In 2008 a journalist working for South Africa’s Sunday Sun wrote an article which insulted gay people and women, encouraged conservatives to remove the rights of gay people from the SA Constitution, and also thumbed his nose at the Human Rights Commission by saying that he would refuse to apologize. More than two years later, it seems Jon Qwelane has been proved right.

Not only has it taken two years for this man to be charged for his offensive publications, but now that the Human Rights Commission has finally managed to get the process to the point where it can go to court, Mr Qwelane suddenly cannot be traced to be served with notice that he should appear in court – effectively holding up the whole process.

Where, I wonder, is Mr Qwelane? Perhaps the tracers diligently searching for him have been asking in the wrong places. Have they asked the Government?

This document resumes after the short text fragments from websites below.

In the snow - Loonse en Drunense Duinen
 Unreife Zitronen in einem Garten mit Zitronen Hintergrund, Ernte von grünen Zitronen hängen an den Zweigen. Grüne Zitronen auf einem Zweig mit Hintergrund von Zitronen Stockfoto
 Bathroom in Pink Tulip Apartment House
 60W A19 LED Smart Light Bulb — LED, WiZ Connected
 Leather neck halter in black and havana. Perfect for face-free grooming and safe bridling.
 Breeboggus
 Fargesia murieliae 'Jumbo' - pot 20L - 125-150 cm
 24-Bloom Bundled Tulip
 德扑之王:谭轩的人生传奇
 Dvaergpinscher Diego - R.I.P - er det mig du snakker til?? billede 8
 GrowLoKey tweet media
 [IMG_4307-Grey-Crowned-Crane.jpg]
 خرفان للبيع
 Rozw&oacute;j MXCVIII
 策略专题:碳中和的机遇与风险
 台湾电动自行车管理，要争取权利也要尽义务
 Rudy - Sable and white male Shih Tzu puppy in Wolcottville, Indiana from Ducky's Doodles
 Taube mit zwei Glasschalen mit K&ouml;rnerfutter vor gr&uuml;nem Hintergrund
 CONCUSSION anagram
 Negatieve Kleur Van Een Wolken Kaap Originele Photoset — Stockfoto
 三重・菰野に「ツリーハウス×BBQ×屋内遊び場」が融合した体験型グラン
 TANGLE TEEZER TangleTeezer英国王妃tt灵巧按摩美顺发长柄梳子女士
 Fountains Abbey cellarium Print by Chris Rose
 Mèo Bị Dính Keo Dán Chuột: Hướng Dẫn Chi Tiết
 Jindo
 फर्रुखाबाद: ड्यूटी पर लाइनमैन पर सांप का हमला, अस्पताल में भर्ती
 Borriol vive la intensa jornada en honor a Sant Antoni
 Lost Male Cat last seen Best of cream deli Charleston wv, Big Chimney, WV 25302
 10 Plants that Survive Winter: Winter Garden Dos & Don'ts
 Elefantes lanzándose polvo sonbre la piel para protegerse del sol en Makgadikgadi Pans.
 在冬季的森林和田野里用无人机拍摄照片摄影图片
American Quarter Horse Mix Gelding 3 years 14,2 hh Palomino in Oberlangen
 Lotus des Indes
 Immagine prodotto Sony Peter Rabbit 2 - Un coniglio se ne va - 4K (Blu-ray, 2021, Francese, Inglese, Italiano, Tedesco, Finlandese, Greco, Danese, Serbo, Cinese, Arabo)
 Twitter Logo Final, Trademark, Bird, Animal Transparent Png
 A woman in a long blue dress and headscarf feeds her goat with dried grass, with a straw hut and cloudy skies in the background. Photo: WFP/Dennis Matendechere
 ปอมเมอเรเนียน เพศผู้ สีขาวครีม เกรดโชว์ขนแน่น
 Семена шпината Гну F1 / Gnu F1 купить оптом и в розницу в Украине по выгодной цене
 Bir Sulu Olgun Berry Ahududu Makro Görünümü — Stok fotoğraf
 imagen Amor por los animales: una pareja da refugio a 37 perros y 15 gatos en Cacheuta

Government should know – after all, they have just appointed this homophobe to the position of SA Ambassador to Uganda – that country now infamous for pushing a new law which will see Uganda’s GLBTI population murdered – sorry, “executed” for the horrible immoral “crime” of being born under one of those letters which Ugandans ignorantly bundle together under the global description – gay. But then, maybe they don’t – after all, if you consider the state of our government, you have to wonder if the left hand knows whose back it is scratching, or the right foor whose as- well, you get the idea.

Our government clearly is unaware that they have appointed Mr Qwelane, a man so full of racist remarks, scorn for women’s equality and anti-Semitic and anti-gay hatred, to a position where he will do a great deal of harm to the situation in Uganda as Ambassador for South Africa.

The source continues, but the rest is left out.